Suzanne Spunner engages with the work of Darwin’s Tracks Dance Collective

Suzanne Spunner is a Darwin playwright and dramaturg.

TRACKS, the Darwin based dance collective, grew out of the dance development program at Browns Mart Community Arts under the direction of dance officers Sarah Calver and David McMicken. Last year it acquired its own name and consolidated its direction. TRACKS functions as a part-time innovative dance company and full-time community dance program supported by the Northern Territory Office of the Arts and the Performing Arts Board of the Australia Council.

The community it serves is broad in dimension and geography. In Darwin TRACKS runs classes for adults and teenagers, and a program with a 50-plus group, The Grey Panthers, as well as workshops with Corrugated Iron Youth Theatre. It also provides choreographic support for Darwin Theatre Company productions and directs Gathering Ground, an annual community dance event at Browns Mart, which brings together the diversity of dance in the town. Its activities outside Darwin are focused on Aboriginal communities, in particular Lajamanu.

This year TRACKS has staged a Darwin season of their work Boundaries and Beyond and taken it on tour to remote communities in the Territory, and just completed a five week residency at Yipirinya School in Alice Springs. In September, they are remounting My House, a dance theatre performance project in conjunction with Corrugated Iron Youth Theatre for a Darwin season and a tour across northern Western Australia in September. To finish off the year TRACKS will direct a cabaret show with the Grey Panthers.

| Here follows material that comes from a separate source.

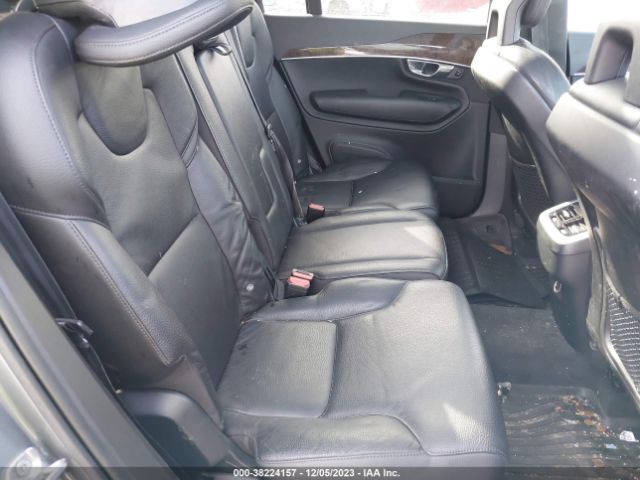 Photo 7 VIN: YV4A22PK2G1062230 - VOLVO XC90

Boundaries and Beyond showcased work from the last two years and included two extraordinary original works – Silent Thought and Sacred Space. While Calver and McMicken constantly hanker for more time to do this sort of thing – developing their own art as dancers and choreographers, they are the first to say that it is the community dance work that feeds their creativity and to imagine abandoning it would be cutting themselves off at the source. TRACKS’ position is akin to that of many other contemporary dance groups across the country producing innovative work – funding structures and constraints mean they work as pick-up companies. However, TRACKS is in a stronger position than many because they have always combined community dance development with their own artistic exploration, rather than being force-marched that way by funding bodies.

In Darwin and the NT, the small population, the geography of distance and the relatively minimal professional arts infrastructure has meant that a contemporary dance company or a contemporary art space (the position of 24 HR ART is very similar) must address itself to more than the cognoscenti. Rather than seeing such breadth and inclusion as compromise, TRACKS and 24 HR ART have used that matrix as a strength. Such an approach has led to an exploration of form coupled with content drawn from the community. The work is broadly accessible, strengthens regional identity and develops an audience through recognition of content, in time the audience becomes confident and familiar with the form and recognises style and innovation.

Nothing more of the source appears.